Without Sight, a Visionary Leader
Chieko Asakawa connects disabled users to the Web
When accessibility researcher Chieko Asakawa first started using computers, the word “accessibility” was not in common use, and the computer world was unwelcoming for many with disabilities. No text-to-speech technology was available to let Asakawa, who is blind, access text on computer screens. “However, I could see the potential to help bridge the gap between sighted and blind people with IT,” she says.

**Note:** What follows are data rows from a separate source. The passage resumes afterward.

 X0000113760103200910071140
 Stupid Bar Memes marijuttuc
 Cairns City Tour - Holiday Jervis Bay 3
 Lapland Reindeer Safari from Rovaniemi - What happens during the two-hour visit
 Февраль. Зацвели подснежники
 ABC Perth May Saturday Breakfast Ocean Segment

Now an IBM Fellow and CTO of accessibility research and technology for IBM Research, Asakawa arrived at IBM’s Tokyo lab in the early ’80s as a student researcher working on a Braille editing network. Before such a system connected accessibility workers across Japan, volunteers had to translate books by hand onto Braille paper, which could take a year per volume and resulted in duplicated efforts from region to region.

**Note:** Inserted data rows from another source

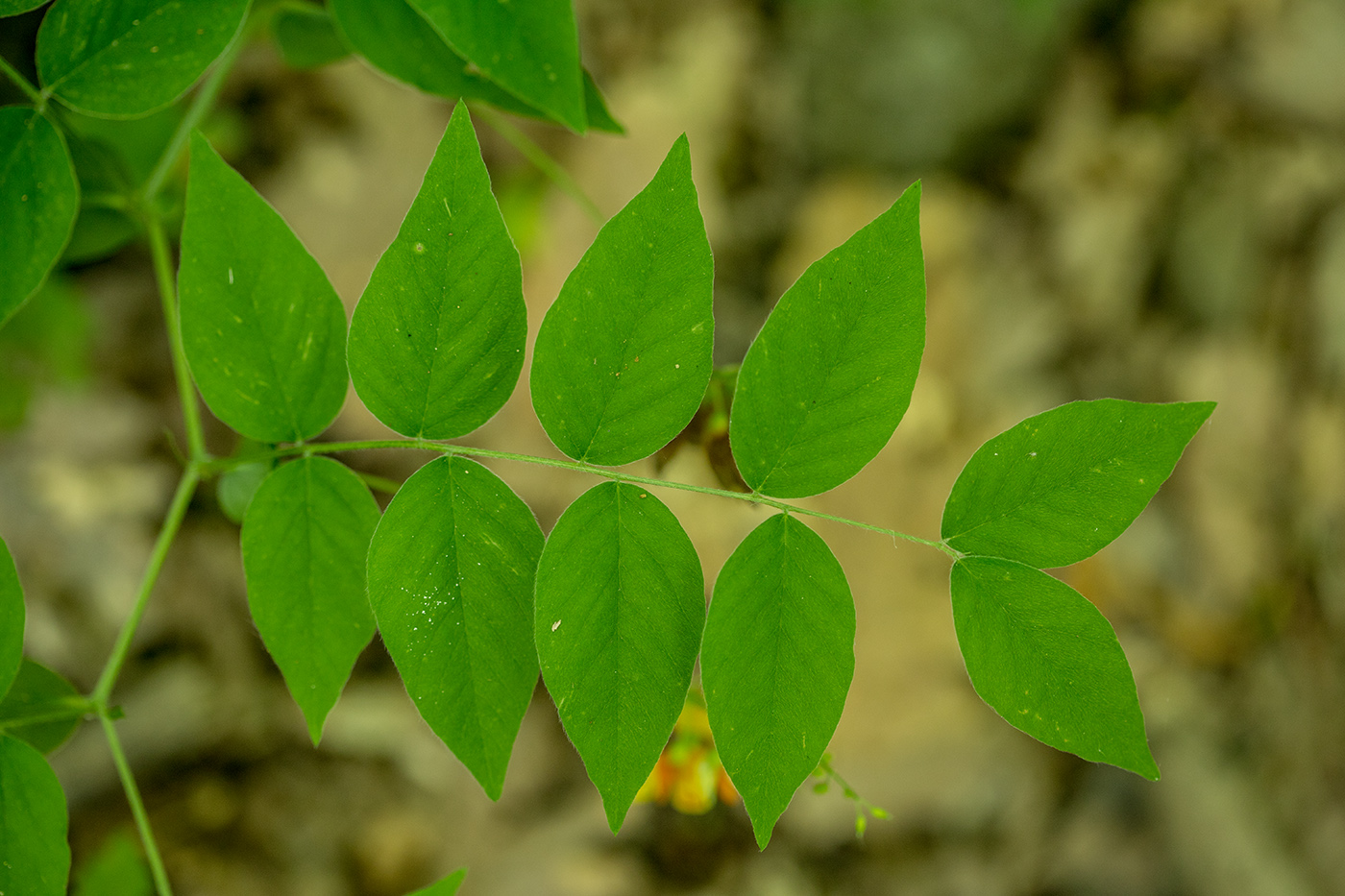 Изображение особи Vicia crocea.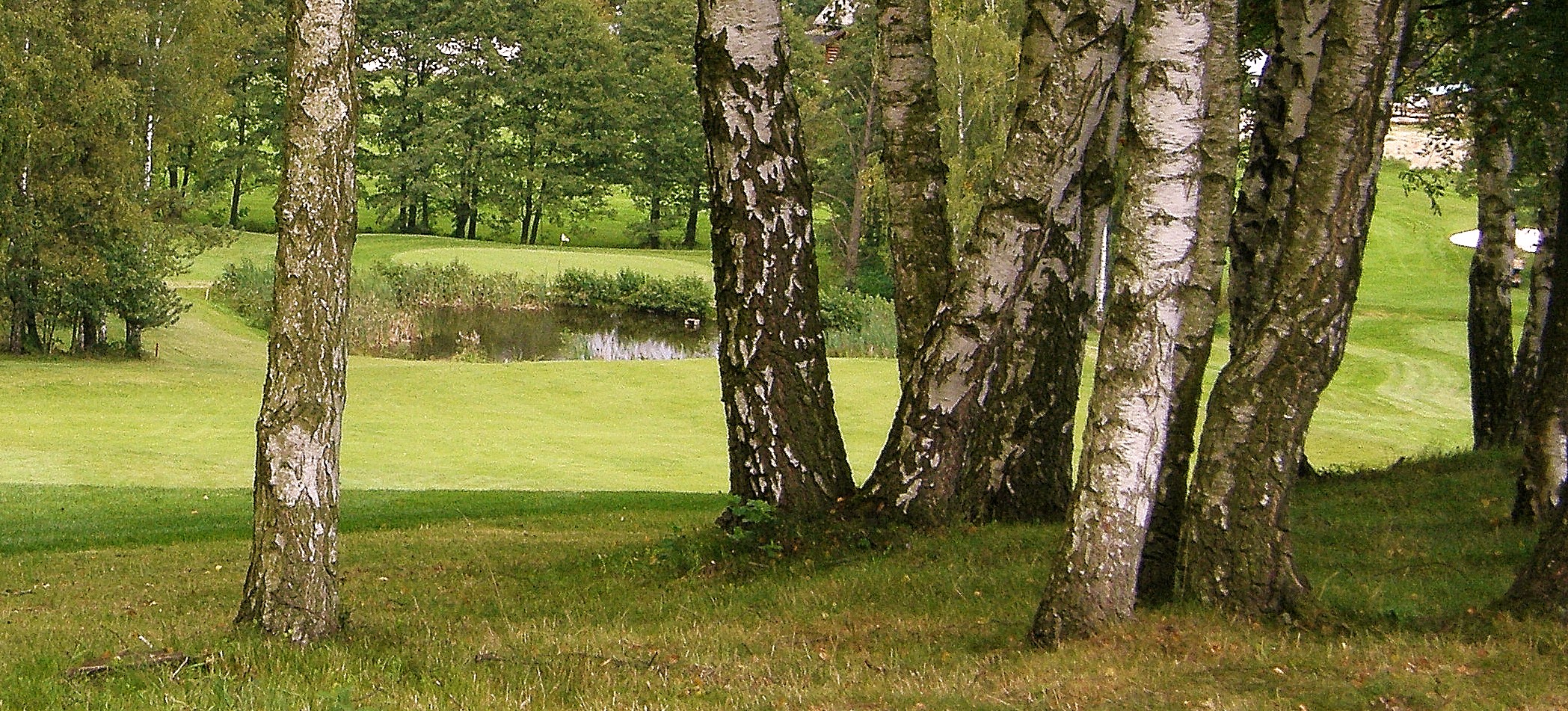 KRÁLOVSKÝ GOLF CLUB MALEVIL foto 3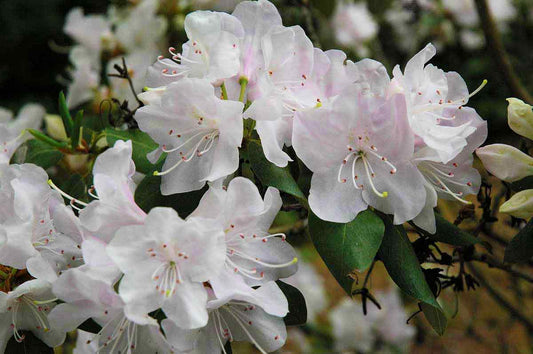 R. oreotrephes  -  White or Pink Form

“Internet technologies were a paradigm shift for persons with disabilities,” Asakawa says. “I cannot explain well enough how much accessibility technologies have been changing our lives and have potential to bring benefits.” Asakawa has long been one of the people driving those benefits, and it’s earned her fame in the technology world, including her IBM fellowship, induction into the Women in Technology International hall of fame, and this year’s Anita Borg Institute for Women in Technology’s Women of Vision award for leadership.